This is a part of an online conversation between Kuffir and Anu Ramdas (Editors of Round Table India – who have worked for over a decade and half creating digital platforms for Bahujan writings, discussions and conversations). Kuffir is based in India, Anu Ramdas is based in the USA.

Kuffir: What divides American society?

Anu Ramdas: In the past, my prompt answer would have been race. But that is a rather hasty view of a foreign society that has an influx of peoples from all over the world. In the first decade of my stay in the USA, I was working at Cornell University in Upstate New York. The university, the college town and surrounding areas were majority white.

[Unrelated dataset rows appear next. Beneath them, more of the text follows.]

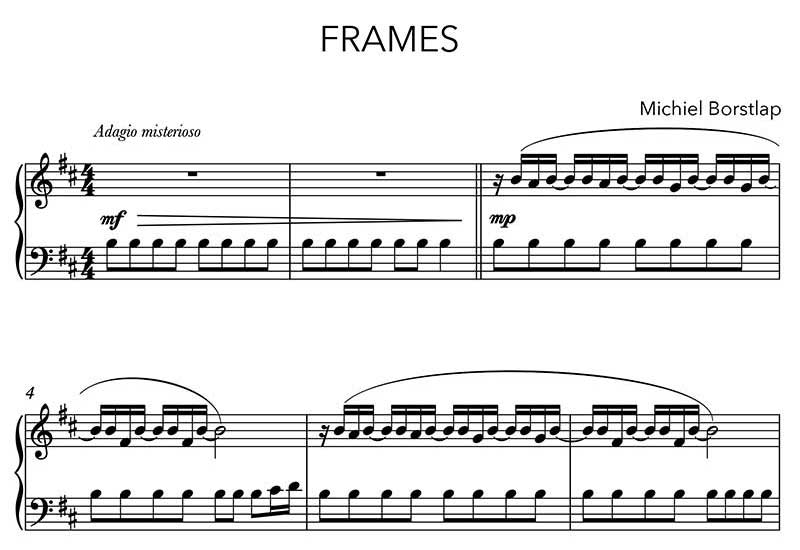 Michiel Borstlap - Frames (download)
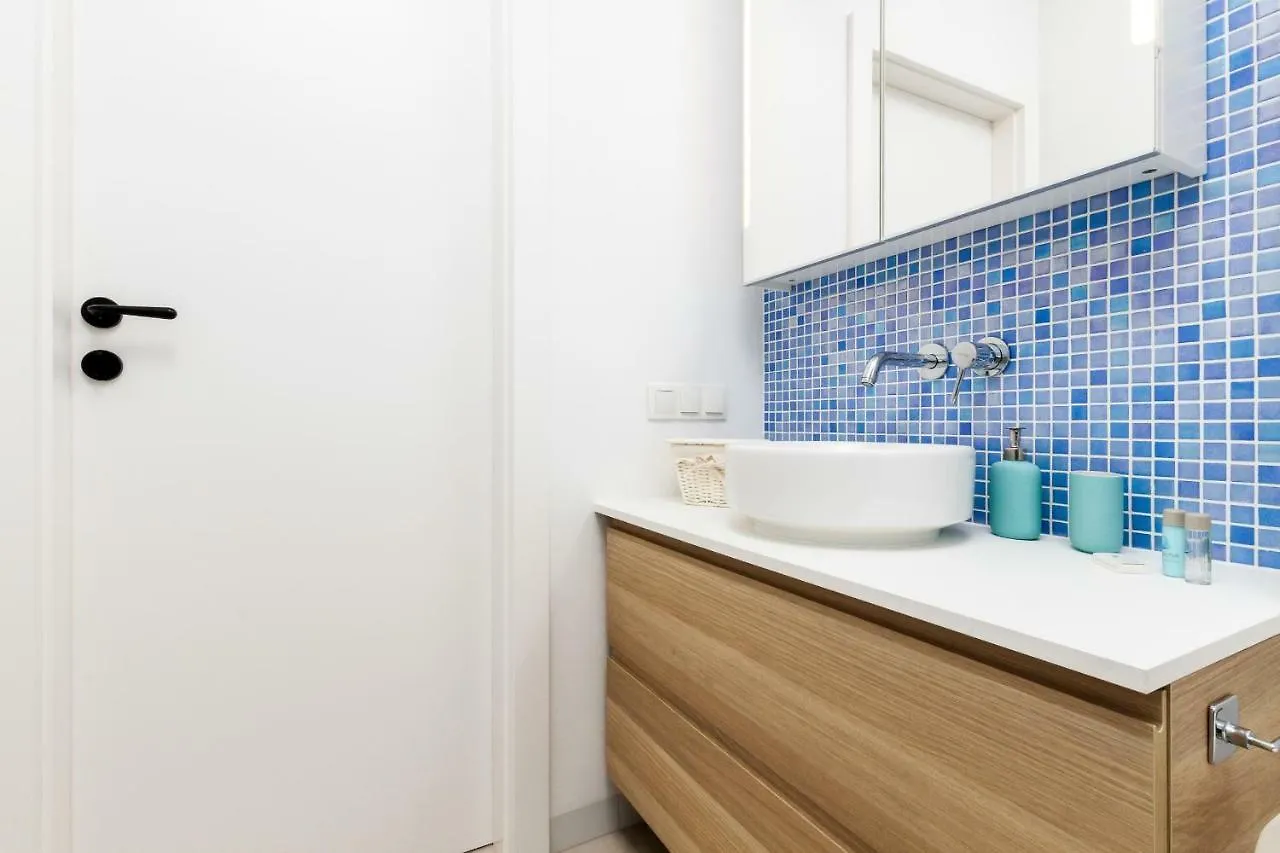 Apartments Gdansk Starowiejska By Noclegi Renters 波兰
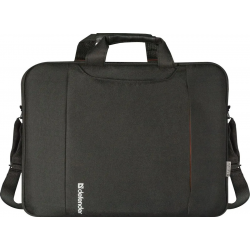 15.6" Сумка Defender Geek (26084) черный
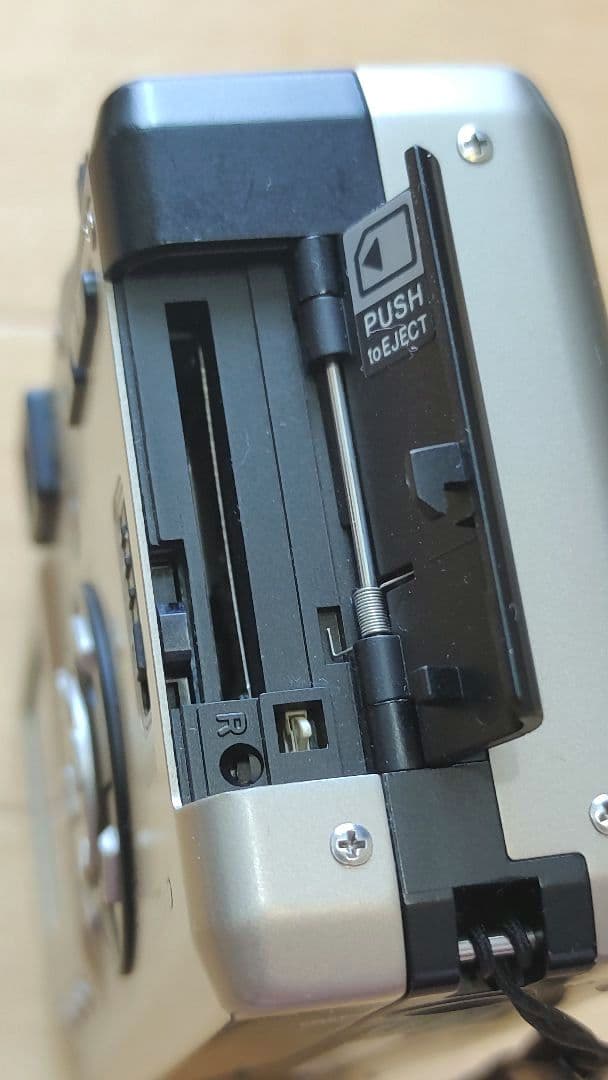 Contax Compact Digital Cameras Tvs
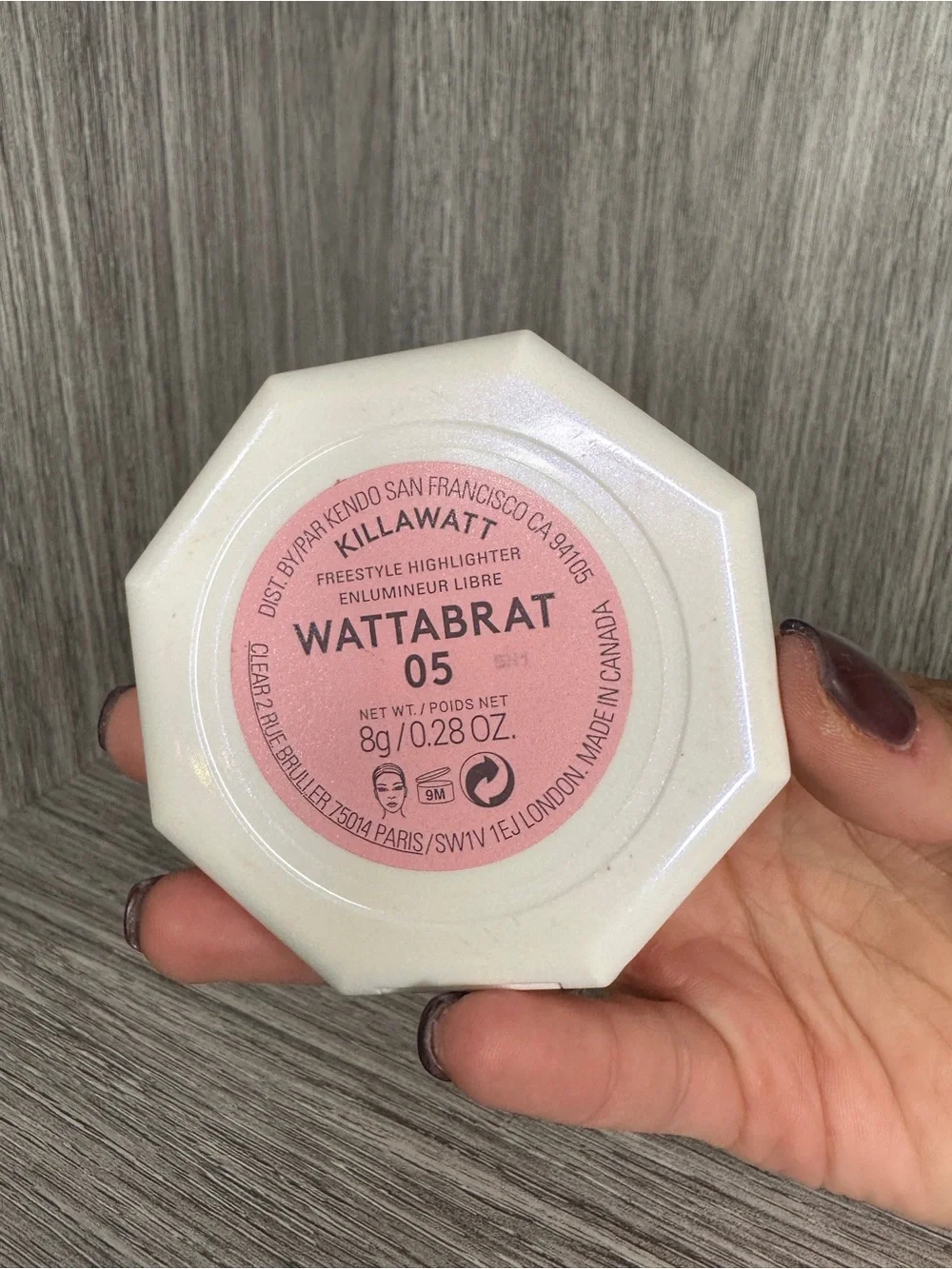 Fenty Beauty Killawatt Freestyle Highlighter- 05 Wattabrat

The absence of African American colleagues and neighbors was stark, it was unmistakably a racially divided society. I was also looking at American society largely through the writings of Black authors that I was reading voraciously during that time.

Since my perception about American society was partly informed by my workspace, I would like to note that scientific institutions per se can offer unique insights into a society’s social structure and its divides.[1]

As I moved on to work in other cities, in different scientific organizations, the composition of my co-workers’ race stayed the same. Whether it was the majority white city of Ithaca or majority black city of Baltimore, the whiteness of the scientist community prevailed.

The absence of Black fellow scientists communicates an immediate idea that the societal divide is racial. Other Americans’ and colored immigrants’ absence in these institutions is also a stark reality but it was not a thematic in the books that I was reading or in the mainstream narratives.

Who else other than Black people are excluded? Are they all racially distinct from White people? Why are they excluded if they are not racially distinct? These are questions that led me to look for explanations.

Broadly drawing from Lenski’s multidimensional model of ‘class systems’ for American society would be useful here. The class systems are  grouped into 4 categories: The political class system. The property class system. The occupational class system and the ethnic class system.

Each class system has in common key metrics such as wealth, occupation, education, political authority, ethnicity etc.

The classes within the political class system are the elites, the bureaucracy, the electorate and the apolitical populace. Within the property class system are the upper class, middle class, the working class, the poor and the underclass. Within the occupational class system are the groups— capitalists, professionals/managers/entrepreneurs and the skilled workers and technicians followed by the unskilled workers and lastly the unemployed.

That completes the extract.